Hisan thought about what Dasher had just said and assumed it to be the last act of a desperate man. Nothing more than a bluff. Though given the precarious situation and his entire world at stake, Hisan had to entertain the thought that Dasher was somehow capable of killing that horse hybrid all these miles away.
“Spill it Dasher. There’s no sense in playing coy you little pissant,” said Hisan.
“For once in your entire miserable existence, you’re right Hisan. You’ve wasted enough of all of our time,” said Dasher snickering. “Serone, come over here.”
Serone followed Dasher’s erect finger, which pointed to a spot directly behind him. Dasher pulled Serone close and whispered something in his ear. Serone sullenly shook his head; apparently whatever was said was disagreeable. Dasher pulled him in once more – the verbal lashing was apparent even as a whisper. The awkward exchange between the two went on for several minutes. Hisan considered killing them both right there, but his curiosity got the better of him, and he let the two quietly negotiate without interruption. Finally, Serone wrapped his arms around Dasher’s neck and began slowly choking him out.
“What the hell is going on!” Hisan shouted at the bizarre occurrence taking place before his bloodshot eyes. Serone once again shrugged as his grip tightened around Dasher’s neck. Dasher was growing limper by the second. His eyes were wide open staring at Hisan, his face turning blue. He seemed eager for unconsciousness to set in.
As white foam of spit began to form on Dasher’s mouth and blood vessels burst in his eyes, Hisan heard something coming from the miniature TV – a cranking sound.

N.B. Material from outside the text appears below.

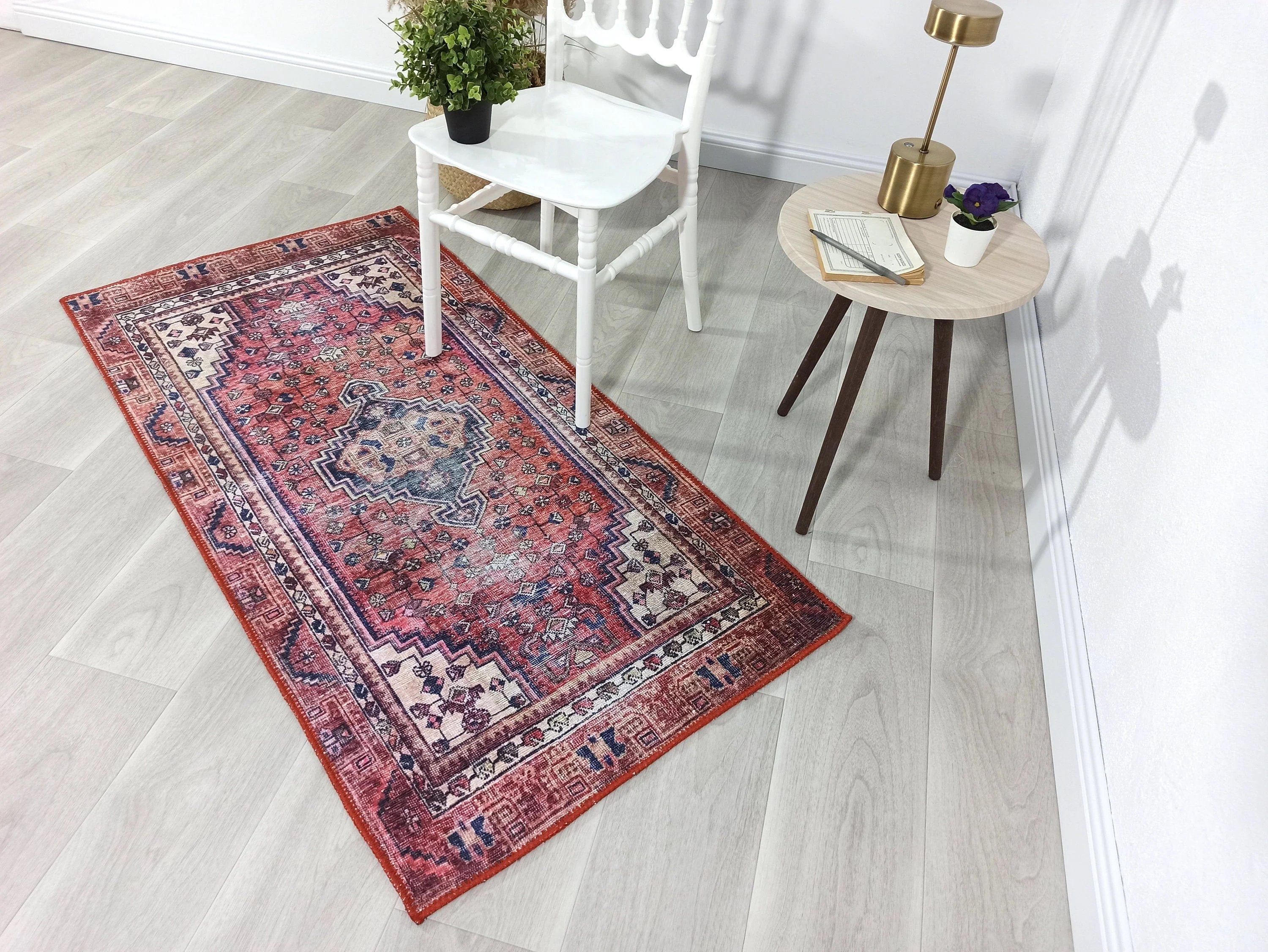 Canlı Pembe ve Kırmızı Medalyonlu Vintage Türk Halısı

He frantically picked up the TV, fighting the urge to watch Dasher’s seizing body as it went to sleep by way of Serone’s strangling. The crane that held the hybrid horse was, in fact, lowering. Hisan cried out helplessly at what he was seeing, not totally sure of what was taking place within the confines of the cramped screen. Then he noticed a tiny heart monitor in the corner of the display; the crane was lowering in direct correspondence with Dasher’s heart rate. As Dasher’s rate slowed, the machine dropped the horse closer to its gruesome death. He looked up and Dasher was completely out, laying on the ground and drooling all over himself.

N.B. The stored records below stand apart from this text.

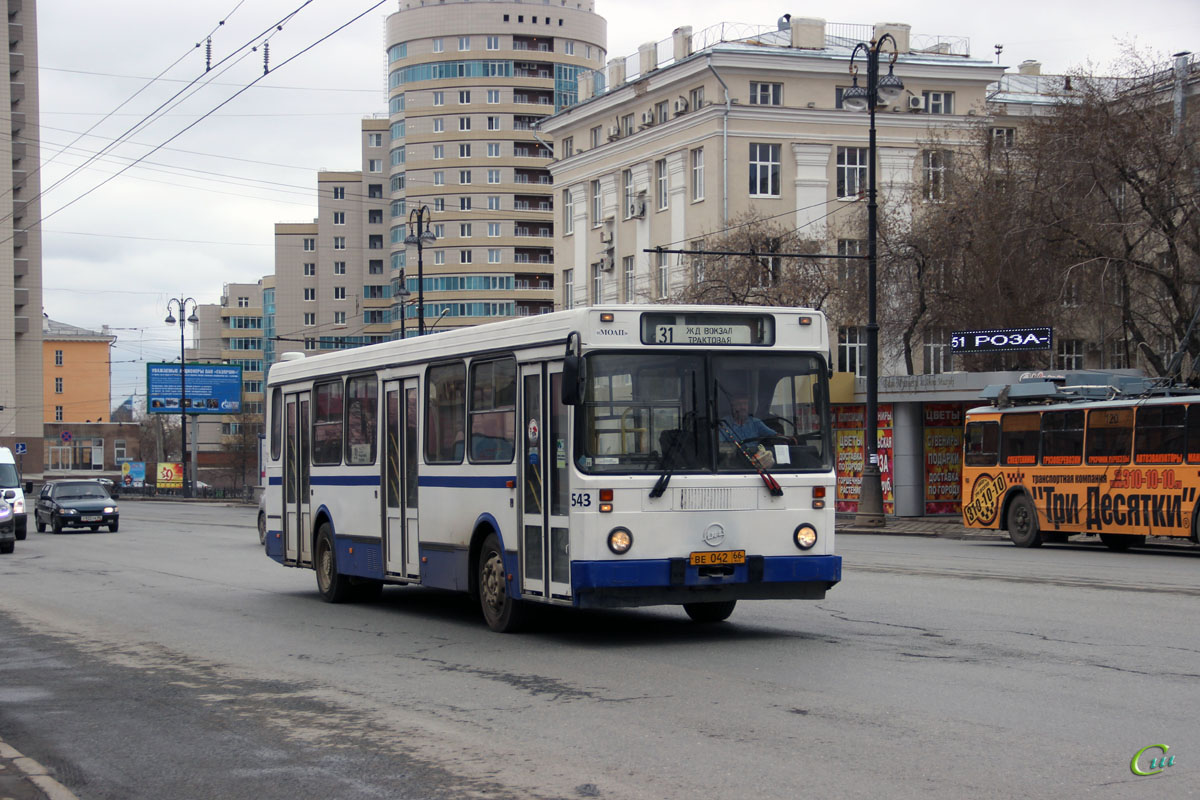 Екатеринбург. ЛиАЗ-5256.40 ве042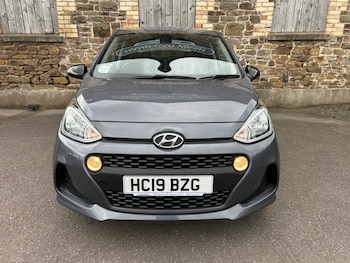 Used Hyundai i10 2019 for sale - 78410156: Photo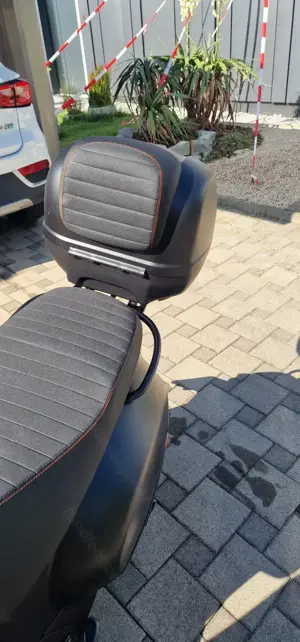 Vespa 300 GTS Super Sport wie neu Bild 5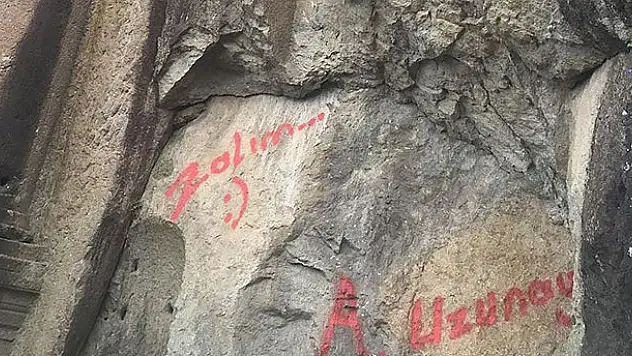 Tarihi anıta yazıya soruşturma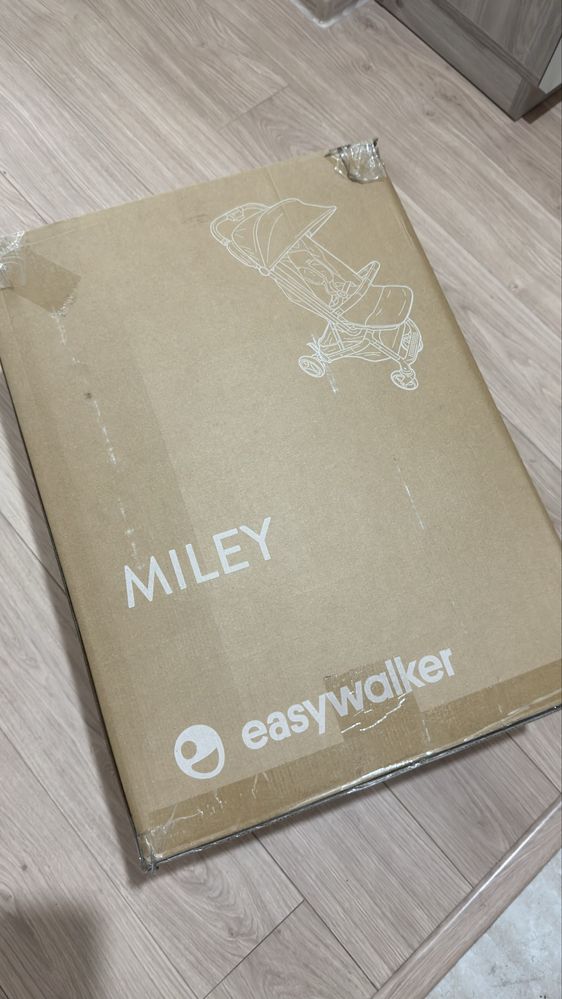 Прогулянкова коляска Easywalker Miley Granite Grey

“Wake him up! Wake him up you idiot!” screamed Hisan, pointing the gun at Serone.
Serone abided by splashing some cold water, which coincidentally had the remains of Joel Oscreen’s skin and some seagull vomit, on Dasher’s face. His lifeless body rested for several additional seconds, followed by an enormous gurgling from his pants. He blinked both eyes open and took a colossal inhale of air, coughing several times violently. He looked at Hisan and grinned once more.
“By now you’ve figured it out. Kill me and the horse is dead. I blew Terry’s entire college fund, took out a second mortgage and pawned Stacy’s wedding ring to create this device and the look on your face is making it entirely worth it,” said Dasher. “You better take off Hisan. That crying horse ain’t gonna save itself,” continued Dasher, knowing he had bettered his rival this time around.

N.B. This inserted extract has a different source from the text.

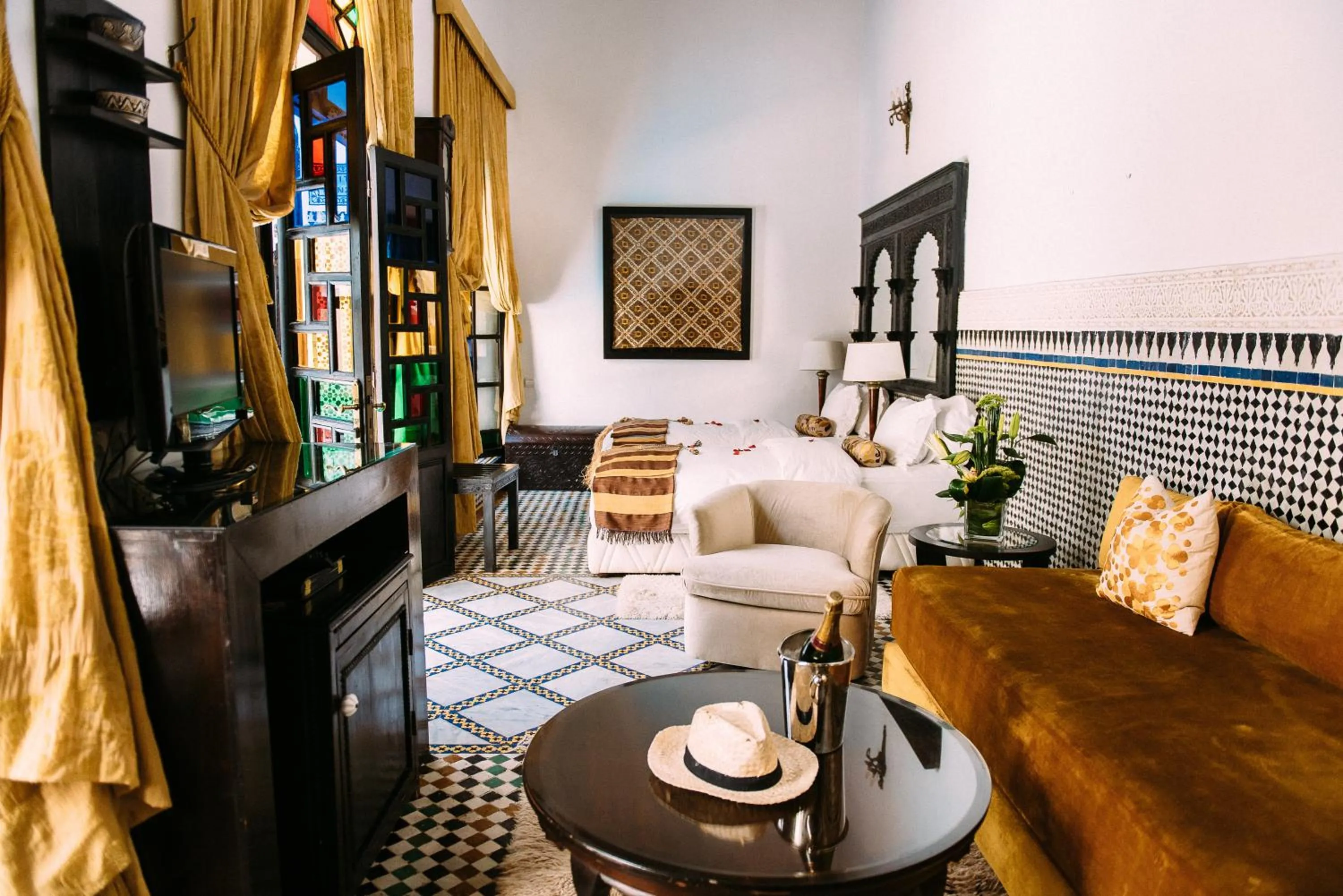 Bedroom in Riad Maison Bleue and Spa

Hisan backed up. Holding the gun pointed at the two men, he took several steps back into the confines of the forest before finally turning around and sprinting away, eventually disappearing into the thick woods. The love he had for those animals trumped the hatred he had for Dasher. He had to find his prized horse, nurse it back to health, and give it the life he always wanted but could never have.
“I gotta say Dasher, that took an unexpected turn. I guess I’m just glad to be alive,” Serone said, rubbing the back of his head in complete astonishment. “It’s not every day you see something like that,” continued Serone.
“If I had it my way…this would be every day,” Dasher replied ominously.